▸ Problem requirements: Which lines below fall between the one containing "Lonely Grave - Craterface - Music CD" and the one containing "New kings of"? Repeat them exactly, counting both of those lines, and add nothing else.

▸ Provided records:
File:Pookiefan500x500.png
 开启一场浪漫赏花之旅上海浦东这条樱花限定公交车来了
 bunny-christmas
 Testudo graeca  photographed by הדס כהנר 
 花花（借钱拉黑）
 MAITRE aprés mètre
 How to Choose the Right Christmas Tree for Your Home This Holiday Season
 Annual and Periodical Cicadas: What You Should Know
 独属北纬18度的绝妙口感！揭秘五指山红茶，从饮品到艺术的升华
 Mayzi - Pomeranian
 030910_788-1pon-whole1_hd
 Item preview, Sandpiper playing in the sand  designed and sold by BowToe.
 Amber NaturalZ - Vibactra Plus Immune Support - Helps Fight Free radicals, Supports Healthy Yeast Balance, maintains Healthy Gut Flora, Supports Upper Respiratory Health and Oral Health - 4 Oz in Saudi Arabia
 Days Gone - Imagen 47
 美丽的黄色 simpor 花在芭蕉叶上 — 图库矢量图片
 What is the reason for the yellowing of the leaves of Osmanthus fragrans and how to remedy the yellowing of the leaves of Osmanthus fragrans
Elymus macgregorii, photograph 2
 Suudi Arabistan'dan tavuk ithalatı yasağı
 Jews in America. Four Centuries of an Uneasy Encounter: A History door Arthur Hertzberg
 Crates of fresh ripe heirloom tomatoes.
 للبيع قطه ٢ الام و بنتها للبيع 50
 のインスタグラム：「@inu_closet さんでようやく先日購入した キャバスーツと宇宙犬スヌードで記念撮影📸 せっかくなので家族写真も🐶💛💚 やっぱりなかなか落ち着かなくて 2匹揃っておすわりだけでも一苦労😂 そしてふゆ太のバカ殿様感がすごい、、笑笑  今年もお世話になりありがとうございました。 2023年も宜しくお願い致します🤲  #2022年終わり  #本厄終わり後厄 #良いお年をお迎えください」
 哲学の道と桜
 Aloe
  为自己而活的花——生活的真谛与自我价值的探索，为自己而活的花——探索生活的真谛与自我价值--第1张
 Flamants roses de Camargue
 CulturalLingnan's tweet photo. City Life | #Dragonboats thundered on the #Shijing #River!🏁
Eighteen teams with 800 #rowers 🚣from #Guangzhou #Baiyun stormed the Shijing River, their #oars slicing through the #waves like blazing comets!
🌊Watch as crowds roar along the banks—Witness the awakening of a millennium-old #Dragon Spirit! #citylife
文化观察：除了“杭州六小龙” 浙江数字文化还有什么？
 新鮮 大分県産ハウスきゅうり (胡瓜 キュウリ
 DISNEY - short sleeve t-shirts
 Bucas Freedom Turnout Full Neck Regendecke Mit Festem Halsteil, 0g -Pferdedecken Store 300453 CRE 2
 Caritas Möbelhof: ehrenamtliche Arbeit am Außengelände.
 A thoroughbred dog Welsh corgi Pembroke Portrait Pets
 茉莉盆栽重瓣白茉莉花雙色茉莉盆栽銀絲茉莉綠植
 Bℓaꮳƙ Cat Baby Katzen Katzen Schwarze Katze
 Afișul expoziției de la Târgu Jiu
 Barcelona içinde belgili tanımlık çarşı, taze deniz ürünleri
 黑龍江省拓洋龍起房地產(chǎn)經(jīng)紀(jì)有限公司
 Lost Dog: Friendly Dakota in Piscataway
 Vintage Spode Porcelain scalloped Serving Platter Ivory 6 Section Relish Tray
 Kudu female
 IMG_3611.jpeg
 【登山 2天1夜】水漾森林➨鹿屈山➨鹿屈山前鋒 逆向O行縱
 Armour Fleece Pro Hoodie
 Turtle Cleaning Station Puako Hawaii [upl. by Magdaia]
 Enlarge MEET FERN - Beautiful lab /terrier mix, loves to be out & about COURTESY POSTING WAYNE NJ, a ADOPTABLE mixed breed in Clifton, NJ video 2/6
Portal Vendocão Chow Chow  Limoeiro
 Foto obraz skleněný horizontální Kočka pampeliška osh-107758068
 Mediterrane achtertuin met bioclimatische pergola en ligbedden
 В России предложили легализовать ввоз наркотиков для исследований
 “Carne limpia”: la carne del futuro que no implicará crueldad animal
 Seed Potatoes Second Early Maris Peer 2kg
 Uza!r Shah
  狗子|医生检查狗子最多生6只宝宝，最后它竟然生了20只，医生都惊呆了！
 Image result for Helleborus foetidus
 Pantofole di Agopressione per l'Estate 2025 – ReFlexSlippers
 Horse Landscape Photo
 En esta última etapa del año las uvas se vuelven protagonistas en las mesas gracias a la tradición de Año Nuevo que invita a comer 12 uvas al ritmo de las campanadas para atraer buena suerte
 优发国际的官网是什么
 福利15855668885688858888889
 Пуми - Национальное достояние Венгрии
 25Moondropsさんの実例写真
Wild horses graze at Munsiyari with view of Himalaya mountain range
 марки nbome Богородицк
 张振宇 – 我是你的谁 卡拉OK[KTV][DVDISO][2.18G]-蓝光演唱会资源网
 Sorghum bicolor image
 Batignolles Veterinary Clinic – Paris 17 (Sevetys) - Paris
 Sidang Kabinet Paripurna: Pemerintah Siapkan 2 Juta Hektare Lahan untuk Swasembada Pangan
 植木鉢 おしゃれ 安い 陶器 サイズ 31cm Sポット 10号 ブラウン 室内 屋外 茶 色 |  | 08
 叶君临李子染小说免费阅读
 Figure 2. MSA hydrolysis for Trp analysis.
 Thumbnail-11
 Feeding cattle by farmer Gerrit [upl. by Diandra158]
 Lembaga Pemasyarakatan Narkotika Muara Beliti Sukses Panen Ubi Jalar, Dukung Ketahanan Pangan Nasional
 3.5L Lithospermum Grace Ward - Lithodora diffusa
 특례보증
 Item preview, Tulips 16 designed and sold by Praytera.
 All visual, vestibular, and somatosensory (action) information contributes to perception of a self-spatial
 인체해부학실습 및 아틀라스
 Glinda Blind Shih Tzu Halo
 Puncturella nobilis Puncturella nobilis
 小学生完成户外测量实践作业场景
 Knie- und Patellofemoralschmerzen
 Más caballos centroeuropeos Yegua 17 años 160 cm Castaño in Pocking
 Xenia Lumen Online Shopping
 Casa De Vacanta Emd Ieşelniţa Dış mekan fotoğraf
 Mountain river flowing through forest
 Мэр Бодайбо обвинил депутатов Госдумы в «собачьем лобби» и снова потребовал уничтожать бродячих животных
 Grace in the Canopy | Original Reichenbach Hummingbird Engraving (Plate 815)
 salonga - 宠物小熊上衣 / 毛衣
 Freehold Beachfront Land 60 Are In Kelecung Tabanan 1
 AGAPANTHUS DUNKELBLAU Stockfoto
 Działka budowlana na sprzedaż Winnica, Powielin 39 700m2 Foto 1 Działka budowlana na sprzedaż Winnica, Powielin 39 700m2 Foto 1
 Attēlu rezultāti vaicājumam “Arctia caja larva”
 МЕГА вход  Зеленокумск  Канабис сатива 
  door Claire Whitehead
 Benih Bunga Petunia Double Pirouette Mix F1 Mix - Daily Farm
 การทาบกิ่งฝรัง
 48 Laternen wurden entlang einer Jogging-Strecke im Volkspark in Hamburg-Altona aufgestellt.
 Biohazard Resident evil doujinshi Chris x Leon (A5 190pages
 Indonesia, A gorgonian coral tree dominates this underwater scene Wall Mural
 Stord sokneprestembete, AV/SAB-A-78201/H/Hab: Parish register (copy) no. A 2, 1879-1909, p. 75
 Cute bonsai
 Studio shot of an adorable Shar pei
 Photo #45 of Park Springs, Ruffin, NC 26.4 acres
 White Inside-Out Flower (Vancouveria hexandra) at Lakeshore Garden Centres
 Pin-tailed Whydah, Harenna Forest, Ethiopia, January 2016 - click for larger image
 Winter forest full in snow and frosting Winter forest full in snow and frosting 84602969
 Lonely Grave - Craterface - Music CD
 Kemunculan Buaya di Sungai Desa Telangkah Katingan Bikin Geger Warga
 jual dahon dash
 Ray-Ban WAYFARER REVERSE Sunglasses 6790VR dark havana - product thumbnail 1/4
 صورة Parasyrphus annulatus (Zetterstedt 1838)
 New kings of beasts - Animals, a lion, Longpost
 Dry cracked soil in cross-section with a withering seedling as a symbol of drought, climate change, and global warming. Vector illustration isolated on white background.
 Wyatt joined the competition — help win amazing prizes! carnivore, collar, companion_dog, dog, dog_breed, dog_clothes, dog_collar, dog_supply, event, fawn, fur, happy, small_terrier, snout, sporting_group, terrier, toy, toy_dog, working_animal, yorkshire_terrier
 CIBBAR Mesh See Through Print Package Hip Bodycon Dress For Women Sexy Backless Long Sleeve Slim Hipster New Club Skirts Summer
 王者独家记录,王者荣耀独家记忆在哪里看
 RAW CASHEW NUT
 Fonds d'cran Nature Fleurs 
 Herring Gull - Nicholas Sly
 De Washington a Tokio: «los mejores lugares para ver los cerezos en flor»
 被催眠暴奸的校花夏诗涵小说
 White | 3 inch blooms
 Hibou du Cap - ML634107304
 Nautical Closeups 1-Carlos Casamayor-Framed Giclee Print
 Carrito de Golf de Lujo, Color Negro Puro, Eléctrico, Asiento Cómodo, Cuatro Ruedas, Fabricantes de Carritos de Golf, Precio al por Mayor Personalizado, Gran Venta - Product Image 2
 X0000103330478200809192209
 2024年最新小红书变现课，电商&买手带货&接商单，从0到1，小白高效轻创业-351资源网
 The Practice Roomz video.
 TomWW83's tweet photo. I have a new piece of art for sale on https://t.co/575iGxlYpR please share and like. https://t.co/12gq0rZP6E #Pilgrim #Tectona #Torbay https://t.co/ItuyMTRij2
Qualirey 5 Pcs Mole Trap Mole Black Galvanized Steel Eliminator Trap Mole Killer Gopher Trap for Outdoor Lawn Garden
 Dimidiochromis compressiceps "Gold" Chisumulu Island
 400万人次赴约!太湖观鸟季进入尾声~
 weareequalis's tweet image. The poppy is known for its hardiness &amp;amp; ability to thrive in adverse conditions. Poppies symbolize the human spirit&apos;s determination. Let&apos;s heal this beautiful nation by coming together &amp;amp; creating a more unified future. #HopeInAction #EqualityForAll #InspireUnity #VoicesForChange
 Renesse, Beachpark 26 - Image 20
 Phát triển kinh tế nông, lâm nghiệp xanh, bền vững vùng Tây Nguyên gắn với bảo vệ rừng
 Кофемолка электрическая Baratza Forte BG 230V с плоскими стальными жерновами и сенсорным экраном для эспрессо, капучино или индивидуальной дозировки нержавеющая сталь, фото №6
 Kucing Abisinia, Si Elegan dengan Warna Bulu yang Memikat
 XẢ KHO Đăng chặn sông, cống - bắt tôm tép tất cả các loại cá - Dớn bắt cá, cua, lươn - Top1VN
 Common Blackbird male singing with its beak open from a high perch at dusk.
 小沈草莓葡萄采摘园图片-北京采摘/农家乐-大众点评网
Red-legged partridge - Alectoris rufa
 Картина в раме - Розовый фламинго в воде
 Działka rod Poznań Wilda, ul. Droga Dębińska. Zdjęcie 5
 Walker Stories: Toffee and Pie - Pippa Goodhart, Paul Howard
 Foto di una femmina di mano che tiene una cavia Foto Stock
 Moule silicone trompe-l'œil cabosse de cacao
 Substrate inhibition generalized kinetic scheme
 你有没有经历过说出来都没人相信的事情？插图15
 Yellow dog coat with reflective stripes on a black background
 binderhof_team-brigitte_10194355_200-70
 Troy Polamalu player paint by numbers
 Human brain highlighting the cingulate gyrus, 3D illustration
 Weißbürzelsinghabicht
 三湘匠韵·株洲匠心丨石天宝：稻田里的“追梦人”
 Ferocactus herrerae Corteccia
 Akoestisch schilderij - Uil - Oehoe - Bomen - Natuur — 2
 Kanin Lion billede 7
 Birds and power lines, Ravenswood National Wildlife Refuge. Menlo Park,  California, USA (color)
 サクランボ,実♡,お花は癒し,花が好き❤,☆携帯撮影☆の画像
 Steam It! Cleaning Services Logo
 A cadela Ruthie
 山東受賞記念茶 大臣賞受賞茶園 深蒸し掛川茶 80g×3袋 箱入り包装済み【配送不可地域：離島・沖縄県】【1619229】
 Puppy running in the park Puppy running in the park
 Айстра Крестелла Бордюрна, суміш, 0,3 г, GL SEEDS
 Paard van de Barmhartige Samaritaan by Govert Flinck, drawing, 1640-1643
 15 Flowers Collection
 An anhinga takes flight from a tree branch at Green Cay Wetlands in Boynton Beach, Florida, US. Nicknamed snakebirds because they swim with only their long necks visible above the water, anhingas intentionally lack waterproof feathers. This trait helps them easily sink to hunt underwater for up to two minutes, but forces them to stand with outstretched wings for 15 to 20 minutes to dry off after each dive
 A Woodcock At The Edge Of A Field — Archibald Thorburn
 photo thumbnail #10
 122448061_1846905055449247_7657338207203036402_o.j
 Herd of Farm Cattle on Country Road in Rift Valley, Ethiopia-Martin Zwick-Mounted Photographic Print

▸ Output below:
 Lonely Grave - Craterface - Music CD
 Kemunculan Buaya di Sungai Desa Telangkah Katingan Bikin Geger Warga
 jual dahon dash
 Ray-Ban WAYFARER REVERSE Sunglasses 6790VR dark havana - product thumbnail 1/4
 صورة Parasyrphus annulatus (Zetterstedt 1838)
 New kings of beasts - Animals, a lion, Longpost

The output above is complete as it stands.